L'Arc-en-Ciel singles chronology
| "Dive to Blue" (1998) | "Shinshoku (Lose Control)" (1998) | "Snow Drop" (1998) |

= Shinshoku (Lose Control) =

"Shinshoku (Lose Control)" (浸食 〜lose control〜) is the thirteenth single by L'Arc-en-Ciel. It was released simultaneously with "Honey" and "Kasou" on July 8, 1998. The single reached number 2 on the Oricon chart. It was re-released on August 30, 2006.

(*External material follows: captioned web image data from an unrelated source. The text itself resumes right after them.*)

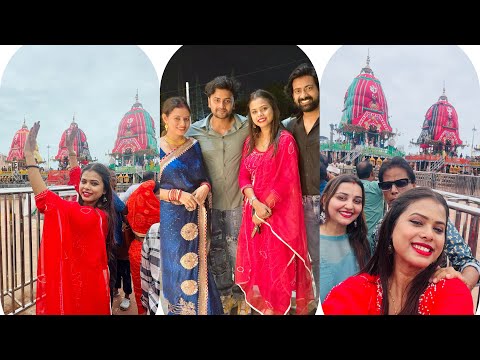 Puri re Jagannath nka darshan || Nabakalebar movie theatre visit and fun with @JRNSHORTSFORU Simran
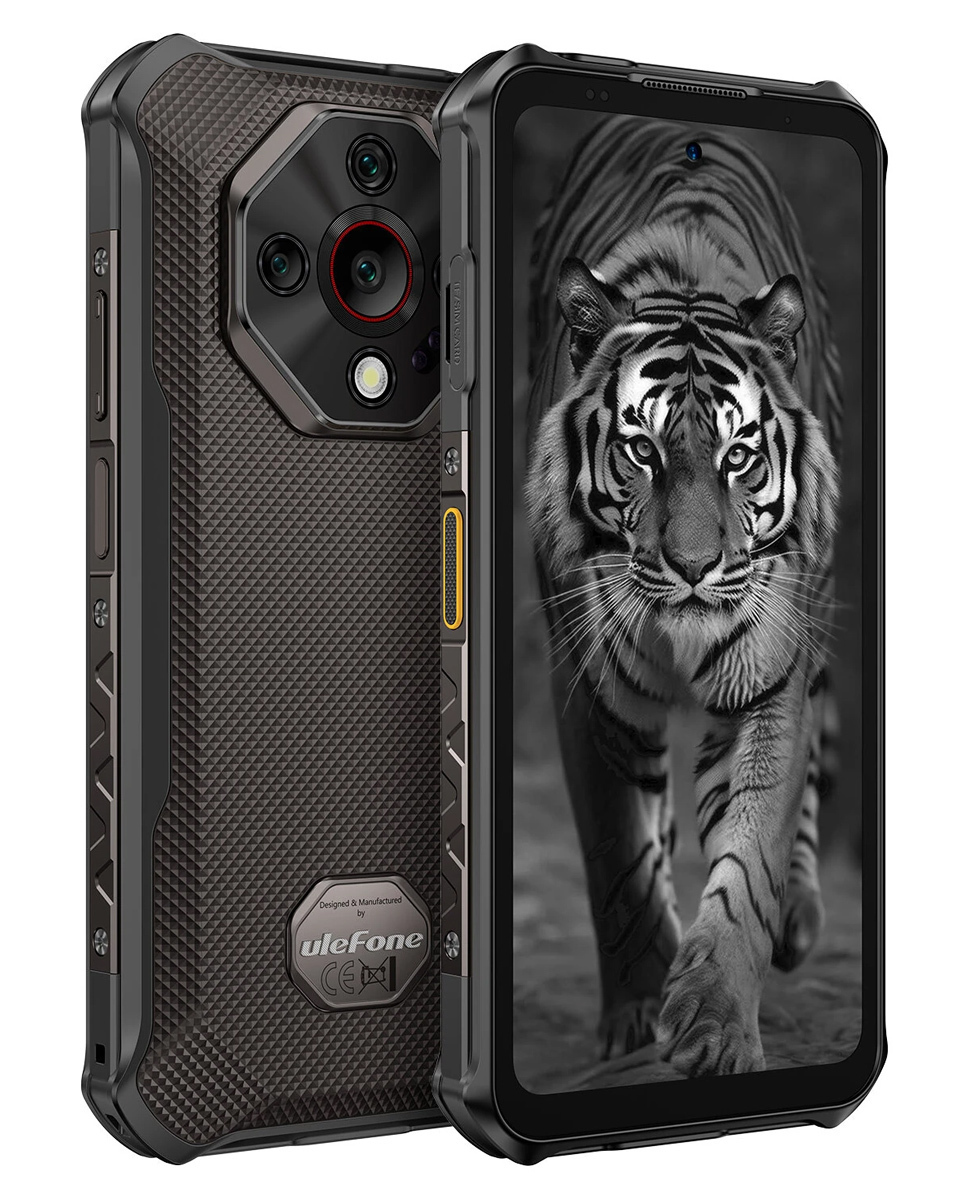 Ulefone Armor X16 Pro Dual SIM (6GB/128GB) Resistant Smartphone Wasteland Shadow view 3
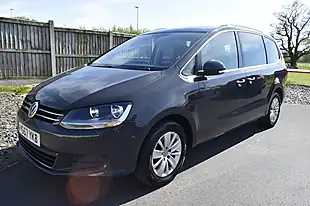 Used 2017 Volkswagen Sharan Se Nav Grey - Interior and Exterior details 15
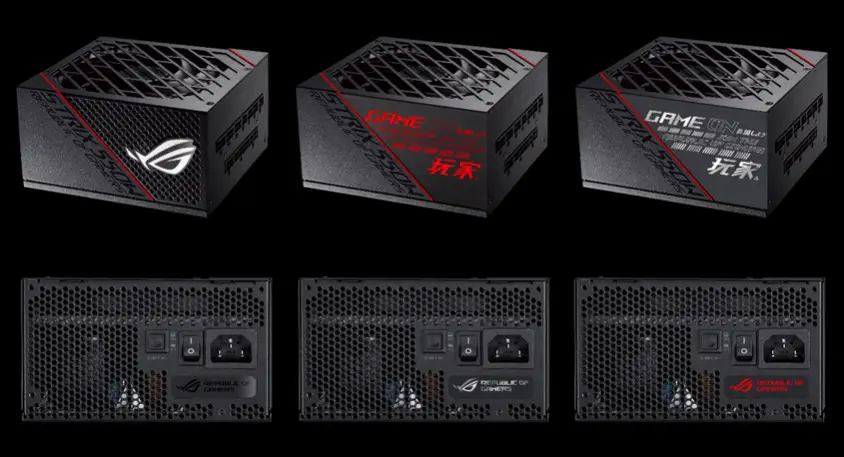 Asus ROG-STRIX-750G 750W Full Modüler Gaming Power Supply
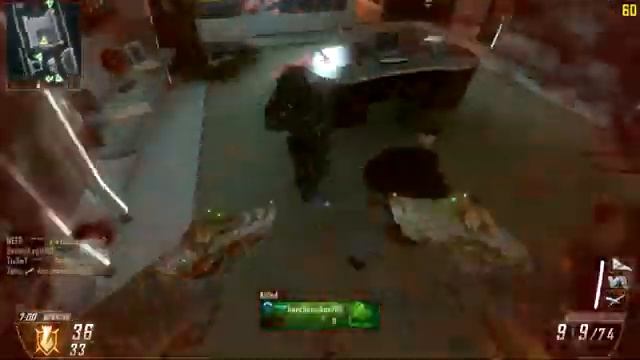 Как правильно делать quick scope в Сall Of Duty Black Ops 2 смотреть онлайн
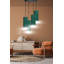 Ealidh 4 - Light Steel Cluster Pendant-746302293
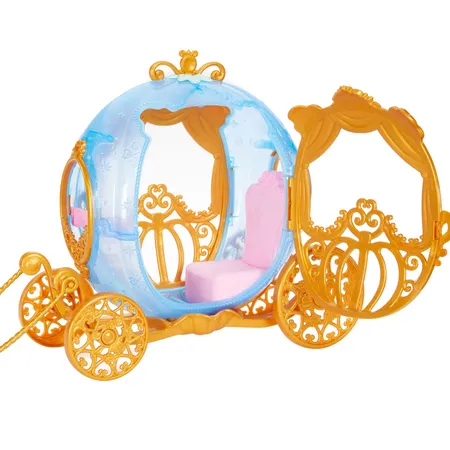 Mattel Disney Prinzessin Cinderellas rollende Kutsche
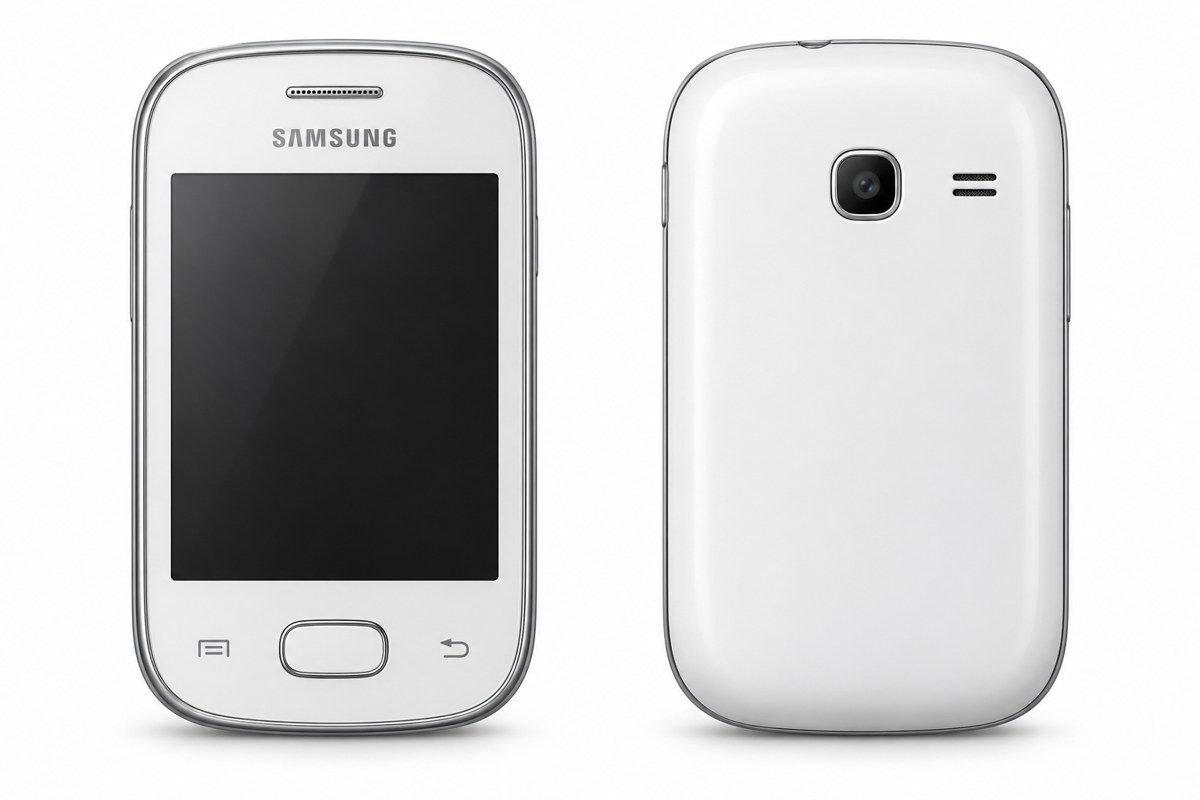 Produktillustration af Samsung Galaxy Pocket Plus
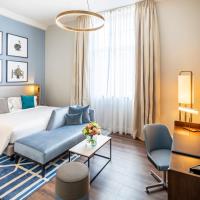 Сьюит (Суперлюкс) отеля Fraser Suites Hamburg, Гамбург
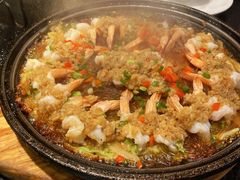 蒜蓉粉丝虾-万重锦·人文川菜馆(骡马市店)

The song was used briefly in the background of the American film Godzilla and was included on the Japanese, Taiwanese and the Asean edition of the soundtrack Godzilla: The Album. "Lose Control" was ranked at number twentieth on the 1998 end-of-year Oricon single chart, where it sold 938,530 copies.

== Track listing ==

| # | Title | Length | Lyrics | Music |
|---|---|---|---|---|
| 1 | "Shinshoku (Lose Control)" | 4:44 | Hyde | Ken |
| 2 | "Shinshoku (Lose Control) (Control Experiment Mix)" | 7:17 | Hyde | Ken* |

- Remix by Yukihiro.

== Covers ==
Fantôme Iris, a fictional visual kei band from multimedia franchise Argonavis from BanG Dream! covered the song on their first solo live Fantôme Iris 1st LIVE -C'est la vie!-.